» **AVAILABLE RECORDS**:
---

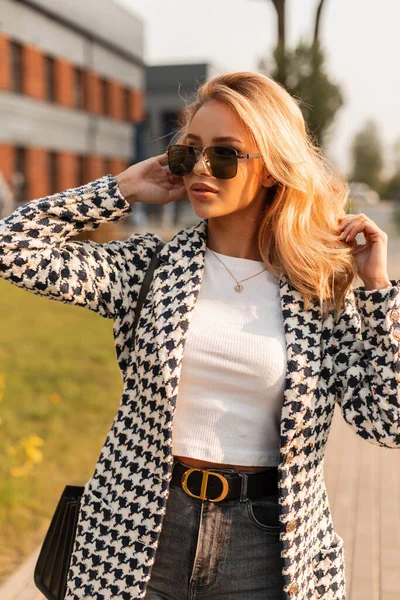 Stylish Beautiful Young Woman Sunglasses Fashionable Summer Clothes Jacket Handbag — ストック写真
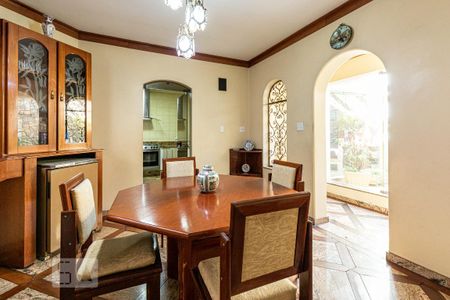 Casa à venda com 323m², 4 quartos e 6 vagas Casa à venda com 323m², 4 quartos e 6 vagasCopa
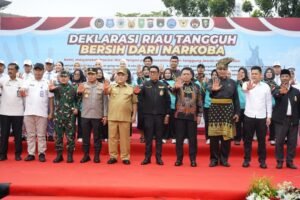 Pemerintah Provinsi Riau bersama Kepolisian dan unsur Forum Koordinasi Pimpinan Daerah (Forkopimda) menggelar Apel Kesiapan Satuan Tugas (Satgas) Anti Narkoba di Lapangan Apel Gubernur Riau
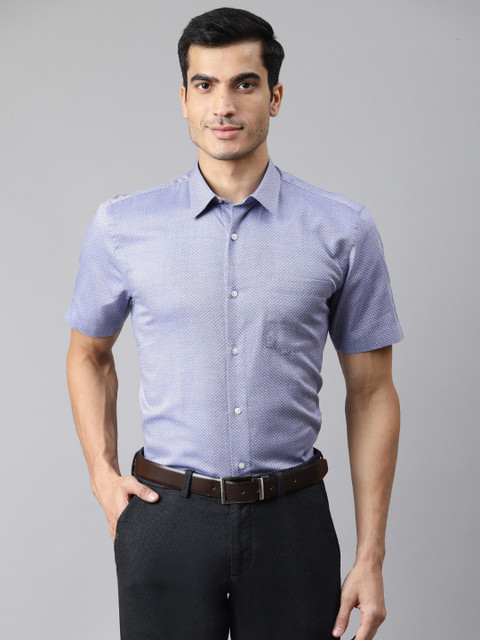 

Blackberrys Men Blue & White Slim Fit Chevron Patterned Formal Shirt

---

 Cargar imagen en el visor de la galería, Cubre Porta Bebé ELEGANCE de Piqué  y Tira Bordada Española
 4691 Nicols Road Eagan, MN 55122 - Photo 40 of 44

---

» **REQUIREMENT**:
Beginning with the line above that contains "Stylish Beautiful Young" and finishing with the line that contains "Blackberrys Men Blue", print those lines exactly and only. Skip all pictures.

» **ANSWER BOX**:
 Stylish Beautiful Young Woman Sunglasses Fashionable Summer Clothes Jacket Handbag — ストック写真
 Casa à venda com 323m², 4 quartos e 6 vagas Casa à venda com 323m², 4 quartos e 6 vagasCopa
 Pemerintah Provinsi Riau bersama Kepolisian dan unsur Forum Koordinasi Pimpinan Daerah (Forkopimda) menggelar Apel Kesiapan Satuan Tugas (Satgas) Anti Narkoba di Lapangan Apel Gubernur Riau

Blackberrys Men Blue & White Slim Fit Chevron Patterned Formal Shirt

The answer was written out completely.